Posted by PITHOCRATES - August 9th, 2012

Politics 101

Washington looked upon Hamilton, Madison and Jefferson as the Sons he Never Had

With the new Constitution ratified it was time to put the grand experiment into action.  Beginning with America’s first presidential election.  And the system we now call the Electoral College.  Each state chose their electors.  These electors then voted for the president.  Even this first act of the new federal government was a safeguard to keep its power limited.  (And independent of the Congress.)  By keeping the new republican government from becoming a democracy.  The mob-rule that was the ruin of republics.  By putting intermediaries between the people and the most powerful person in America.  The president.  To prevent anyone rising to power simply by promising to shower riches on the people from the federal treasury.

George Washington did something no one has done since.  He received 100% of the vote.  Every elector voted for him for president.  Unanimously.  John Adams came in second.  Each elector had two votes.  One to cast for president.  The other to cast for vice president.  The one with the greatest number of votes was president.  The one with the next most votes became vice president.  As this was a time before party politics.  There were no political parties yet.  But there would be.  And that would change the way we voted for president.

Both Washington and Adams were Federalists.  They both supported the Constitution.  And the federal government.  As did the other Federalists.  Including Alexander Hamilton.  Who Washington selected as secretary of the treasury.  And would be a major player in the Federalist camp.  His fellow Federalist, James Madison, who coauthored the Federalist Papers with Hamilton (and John Jay) won election to the House of Representative.  Where he introduced and fought for passage of the Bill of Rights.  Thomas Jefferson, author of the Declaration of Independence, was in Europe during the Philadelphia Convention and the ratification process of the Constitution.  But he supported it as long as it included a bill of rights.  Washington selected Jefferson for his secretary of state.  Washington looked upon Hamilton, Madison and Jefferson as the sons he never had.  And loved them as sons.  But that would change.

Born out of Wedlock Hamilton was Never Accepted by those ‘Better’ than Him

Washington being the first president everything he did set a precedent.  And he was very conscious of that.  As well as his place in history.  For he wanted to be remembered as America’s first president of many to come.  Not the man who was at the helm when this experiment in self-government failed.  This is why he created a cabinet quickly.  Even though the Constitution included nothing about a cabinet.  After commanding the Continental Army for 8 years he knew how to give orders and delegate authority.  And after battling Congress during those same years he became a good administrator who understood how to compromise.  He hated politics.  But he understood politics.  And knew it meant compromise on the little things.  And standing resolute on the bigger things.
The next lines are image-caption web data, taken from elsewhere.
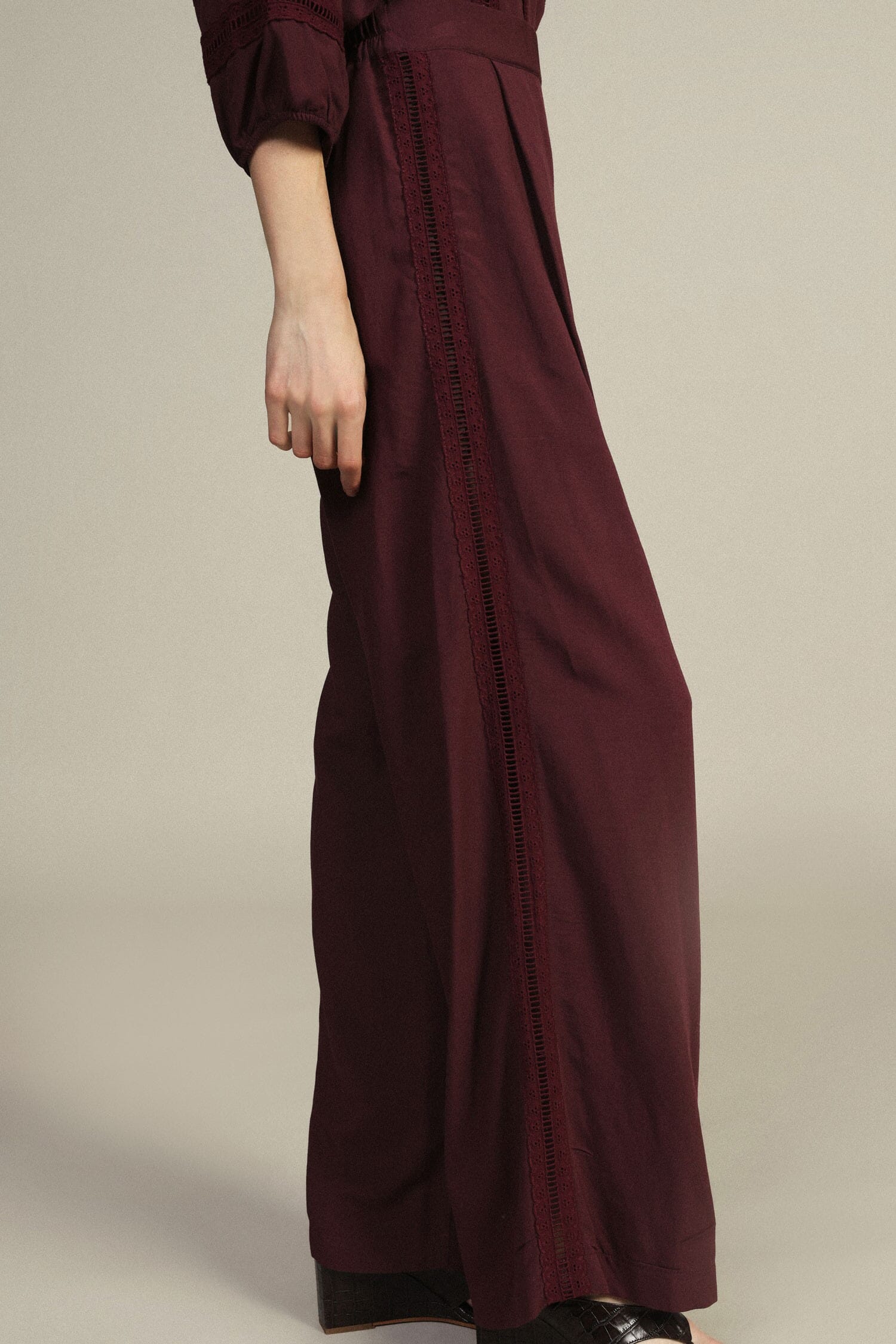 Pantalon palazzo taille haute avec empiècements perforés Dixie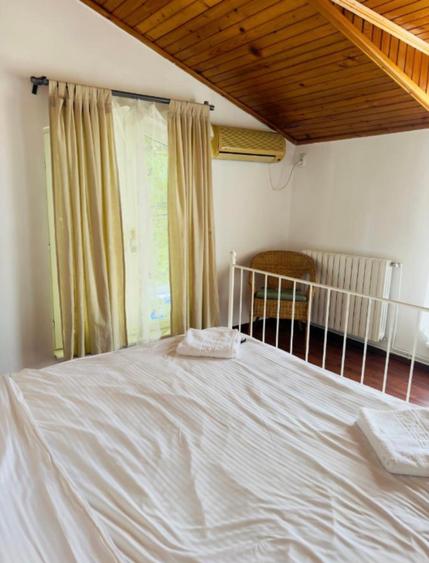 Apartament 3 camere si terasa superba - Casa Casatoriilor. Disponibil Sep - Iun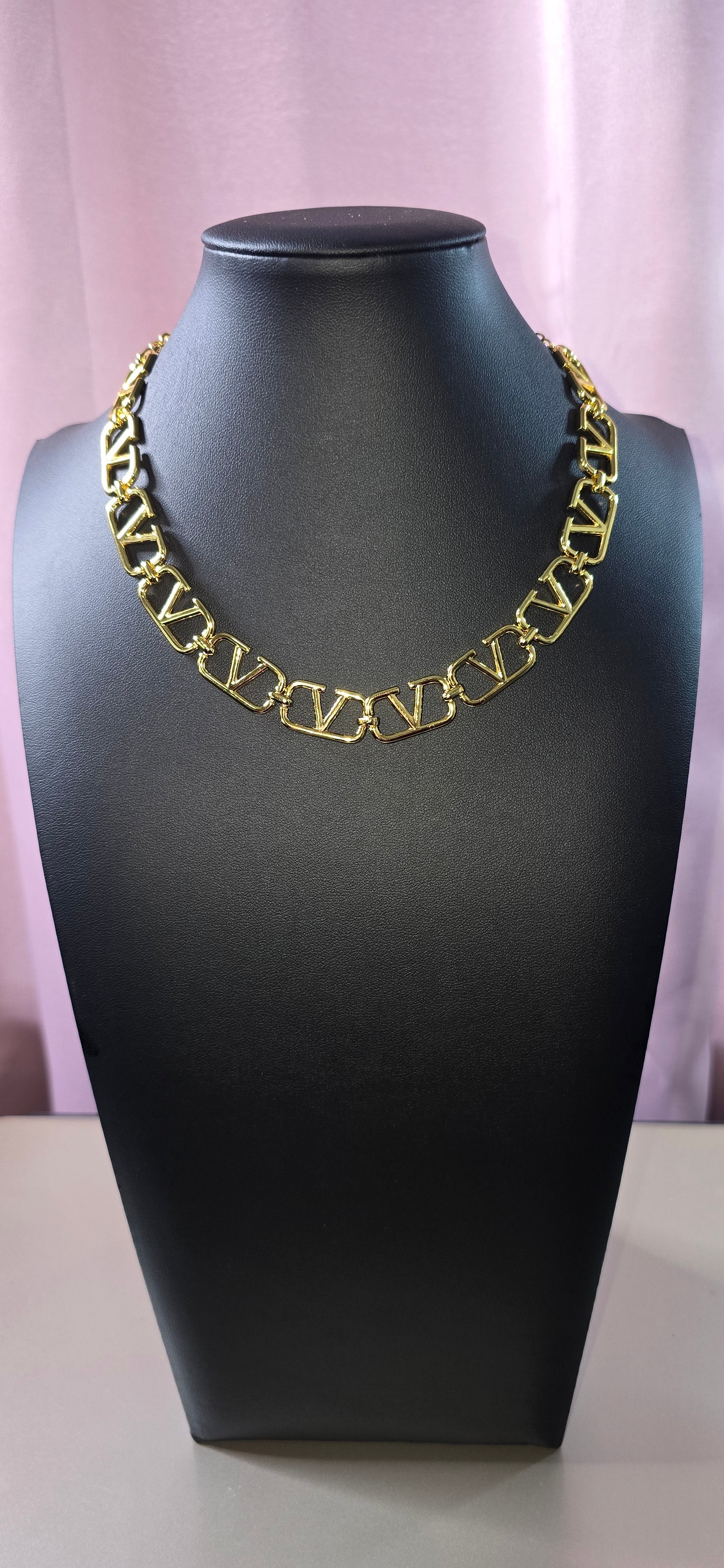Gold Choker - Mourimani Beauty & Accessories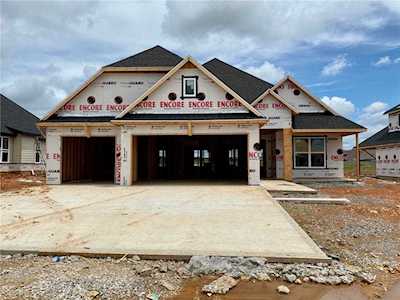 1630 Sugar Maple St Centerton, AR 72719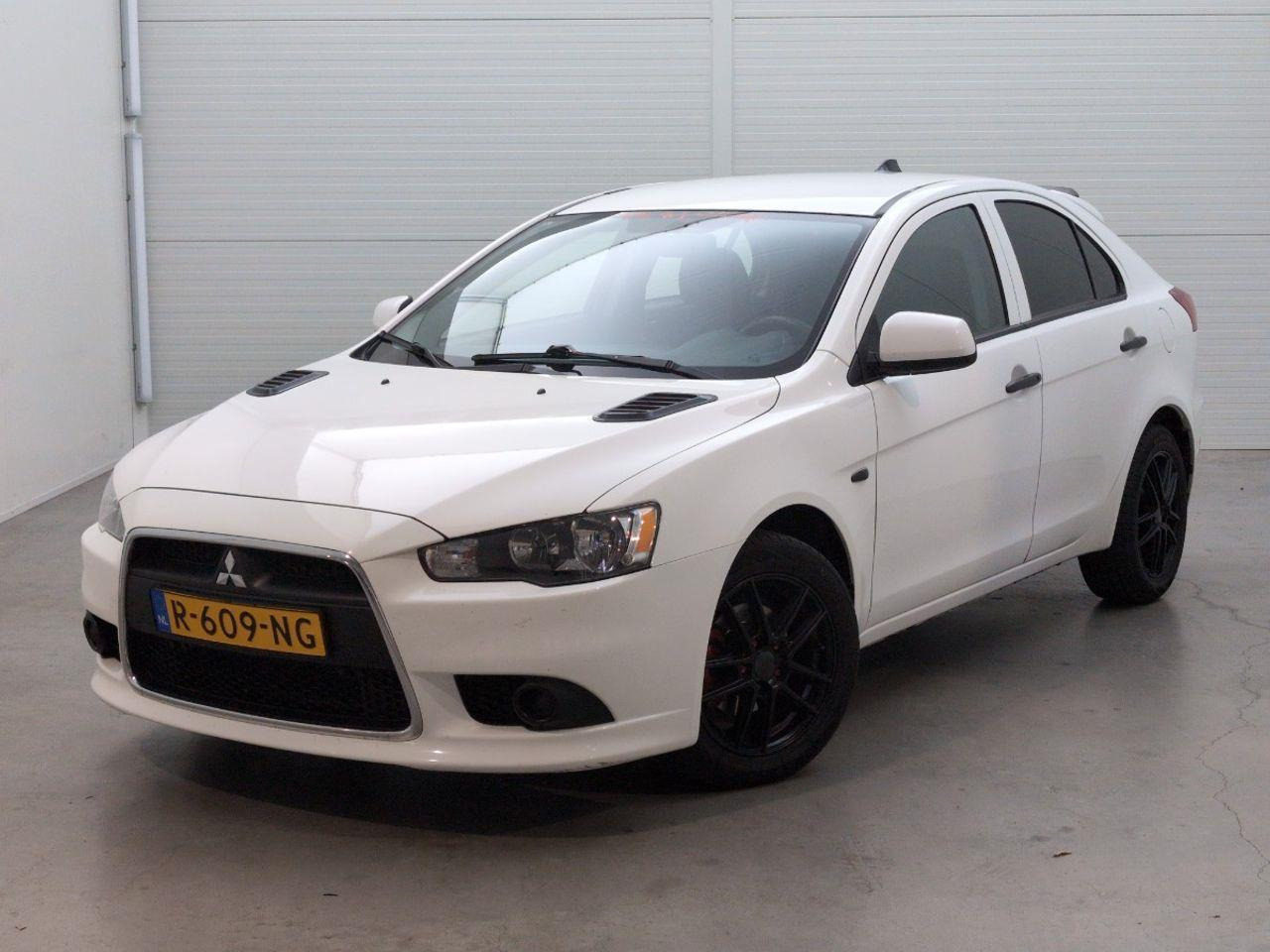 Mitsubishi Lancer Sportback 1.6 Limited Edition | 2016 | 216.592 km | R609NG | NAP: Geen oordeel - Hatchback: foto 1 Mitsubishi Lancer Sportback 1.6 Limited Edition | 2016 | 216.592 km | R609NG | NAP: Geen oordeel - Hatchback: foto 1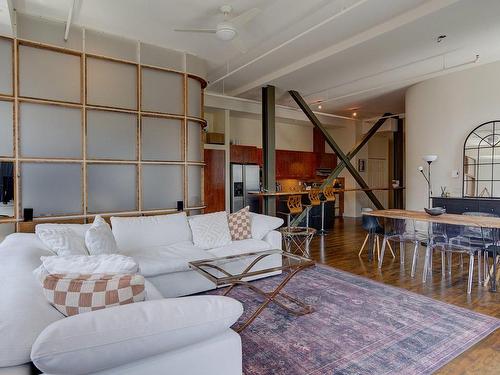 Salon - 607-50 Rue Des Soeurs-Grises, Montréal (Ville-Marie), QC - Indoor Photo Showing Living Room With Fireplace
Hamilton was Washington’s aide-de-camp during the war.  He was smart and understood commerce.  During the war he wrote to Congress about the ruinous inflation crippling the economy.  And starving the army.  Proposing a national bank back then.  Washington trusted and respected Hamilton.  And valued his counsel.  Which is why he made him his secretary of treasury.  The country was in a mess.  In debt.  And it needed a plan to raise revenue.  To pay for government.  And to service that debt.  Even just to understand the debt.  For money was owed at every level of government.  Which was what prompted the Philadelphia Convention in the first place.  To put the nation on a sound footing to move forward.  And there wasn’t a better person available than Hamilton.  Who remains even today America’s greatest treasury secretary.

Hamilton was brilliant.  And he had grand plans for the United States.  He saw the potential in the new nation.  And he wanted to use the power of government to hurry it along.  He was also aggressive.  And combative.  Born out of wedlock he was never accepted by those ‘better’ than him.  So he spent a lifetime fighting this social stigma.  Acquiring a competitive nature.  Making him unpopular.  And obstinate.  He fought long and hard for what he wanted.  Knowing that he was right.  And others were wrong.  Even though this may have been true at times it tended to be off-putting.  So Hamilton would spend his political career making political enemies.  And it started in the Washington administration.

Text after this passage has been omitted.